If you are using Sun's JSF 1.2 reference implementation, you should add this to faces-config.xml:
<application> <el-resolver>org.jboss.seam.jsf.SeamELResolver</el-resolver> </application>
(This line should not strictly speaking be necessary, but it works around a minor bug in the RI.)
We need to apply the SeamInterceptor to our Seam components. The simplest way to do this is to add the following interceptor binding to the <assembly-descriptor> in ejb-jar.xml:
<interceptor-binding> <ejb-name>*</ejb-name> <interceptor-class>org.jboss.seam.ejb.SeamInterceptor</interceptor-class> </interceptor-binding>
Seam needs to know where to go to find session beans in JNDI. One way to do this is specify the @JndiName annotation on every session bean Seam component. However, this is quite tedious. A better approach is to specify a pattern that Seam can use to calculate the JNDI name from the EJB name. Unfortunately, there is no standard mapping to global JNDI defined in the EJB3 specification, so this mapping is vendor-specific. We must specify a pattern using the configuration property named org.jboss.seam.core.init.jndiPattern. We may specify this using components.xml, web.xml or even seam.properties.
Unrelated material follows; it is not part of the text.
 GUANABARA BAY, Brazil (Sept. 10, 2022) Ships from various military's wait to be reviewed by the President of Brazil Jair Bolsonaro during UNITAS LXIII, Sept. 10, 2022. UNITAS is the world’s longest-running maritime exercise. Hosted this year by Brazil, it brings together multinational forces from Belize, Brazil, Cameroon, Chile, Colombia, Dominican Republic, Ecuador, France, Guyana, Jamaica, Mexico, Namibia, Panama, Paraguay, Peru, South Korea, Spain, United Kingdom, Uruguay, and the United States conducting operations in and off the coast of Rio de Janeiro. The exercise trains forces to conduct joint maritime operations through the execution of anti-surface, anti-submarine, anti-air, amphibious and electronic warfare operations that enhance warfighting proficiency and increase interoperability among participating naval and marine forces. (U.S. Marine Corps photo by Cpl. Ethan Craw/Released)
For JBoss AS, the following pattern is correct:
<core:init jndi-name="myEarName/#{ejbName}/local" />
Or:
<context-param> <param-name>org.jboss.seam.core.init.jndiPattern</param-name> <param-value>myEarName/#{ejbName}/local</param-value> </context-param>
Where myEarName is the name of the EAR in which the bean is deployed.
Outside the context of an EAR (when using the JBoss Embeddable EJB3 container), the following pattern is the one to use:
<core:init jndi-name="#{ejbName}/local" />
Or:
<context-param> <param-name>org.jboss.seam.core.init.jndiPattern</param-name> <param-value>#{ejbName}/local</param-value> </context-param>
If you want to use post-then-redirect in JSF, and you want Seam to propagate the conversation context across the browser redirects, you need to register a servlet filter:
<filter> <filter-name>Seam Redirect Filter</filter-name> <filter-class>org.jboss.seam.servlet.SeamRedirectFilter</filter-class> </filter> <filter-mapping> <filter-name>Seam Redirect Filter</filter-name> <url-pattern>*.jsf</url-pattern> </filter-mapping>
This filter intercepts any browser redirects and adds a request parameter that specifies the Seam conversation id.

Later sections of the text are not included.